Malgré la supériorité des forces que l'escadre de Rodney donnait aux Anglais, soit que Rhode-Island fût très-bien fortifiée, soit que la saison fût trop avancée, ils ne formèrent aucune entreprise contre les Français. Leur inaction permit au comte de Rochambeau de s'occuper de l'établissement de ses troupes pendant l'hiver, ce qui n'était pas sans difficulté, vu la disette de bois et l'absence de logements.
Les Anglais avaient tout consumé et tout détruit pendant leurs trois ans de séjour dans l'île. Le comte de Rochambeau, dans cette dure situation, proposa à l'état de Rhode-Island de réparer, aux frais de son armée, toutes les maisons que les Anglais avaient détruites, à la condition que les soldats les occuperaient pendant l'hiver et que chacun des habitants logerait un officier, ce qui fut exécuté. De cette manière on ne dépensa que vingt mille écus pour réparer des maisons qui restèrent plus tard comme une marque de la générosité de la France envers ses alliés. Un camp baraqué, par la nécessité de tirer le bois du continent, eût coûté plus de cent mille écus, et c'est à peine si les chaloupes suffisaient à l'approvisionnement du bois de chauffage.
Le 30 septembre, arriva la frégate la Gentille venant de France par le Cap.

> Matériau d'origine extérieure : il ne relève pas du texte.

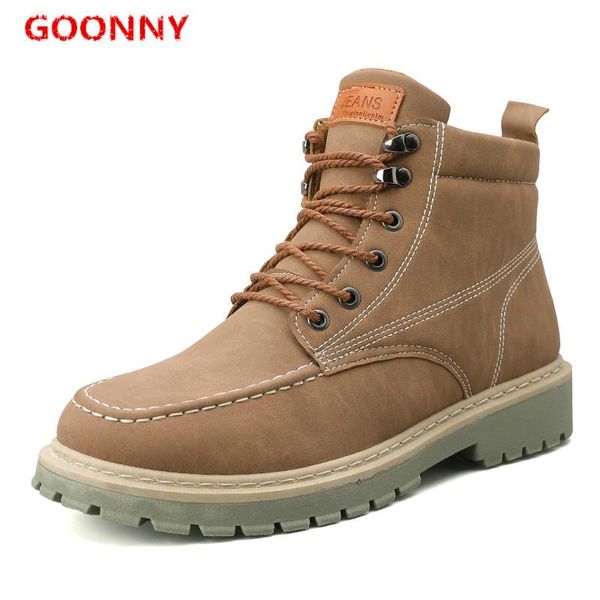 boots men retro work boots martin ankle winter outdoor walking shoes comfortable warm casual shoes zapatillas hombre, Black
boots men retro work boots martin ankle winter outdoor walking shoes comfortable warm casual shoes zapatillas hombre, Black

Elle portait M. de Choisy, brigadier, qui avait demandé à servir en Amérique, M. de Thuillières, officier de Deux-Ponts, et huit autres officiers, parmi lesquels se trouvaient les frères Berthier, qui furent adjoints à l'état-major de Rochambeau.
Il vint à cette époque, au camp français, différentes députations de sauvages. Les chefs témoignaient surtout leur étonnement de voir les pommiers chargés de fruits au-dessus des tentes que les soldats occupaient depuis trois mois. Ce fait prouve à quel point était poussée la discipline dans l'armée et montre avec quelle scrupuleuse attention on respectait la propriété des Américains. Un des chefs sauvages dit un jour à Rochambeau dans une audience publique «Mon père, il est bien étonnant que le roi de France notre père envoie ses troupes pour protéger les Américains dans une insurrection contre le roi d'Angleterre leur père.

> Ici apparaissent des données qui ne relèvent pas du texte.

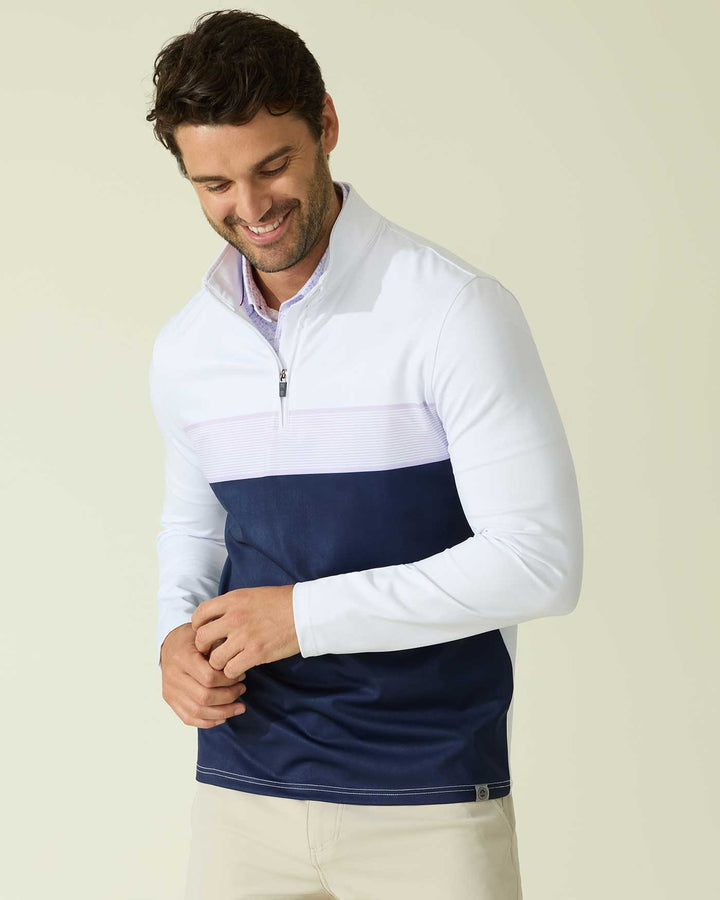 MADEFLEX JOURNEY STRETCH 1/4-ZIP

«—Votre père le roi de France, répondit Rochambeau, protège la liberté naturelle que Dieu a donnée à l'homme. Les Américains ont été surchargés de fardeaux qu'ils n'étaient plus en état de porter. Il a trouvé leurs plaintes justes: nous serons partout les amis de leurs amis et les ennemis de leurs ennemis. Mais je ne peux que vous exhorter à garder la neutralité la plus exacte dans toutes ces querelles. [148]»
Cette réponse était conforme à la vérité en même temps qu'à la politique de la France. Si elle ne satisfit pas complètement les Indiens, de bons traitements et de beaux présents furent plus persuasifs, car ils gardèrent la neutralité pendant les trois campagnes de l'armée française en Amérique.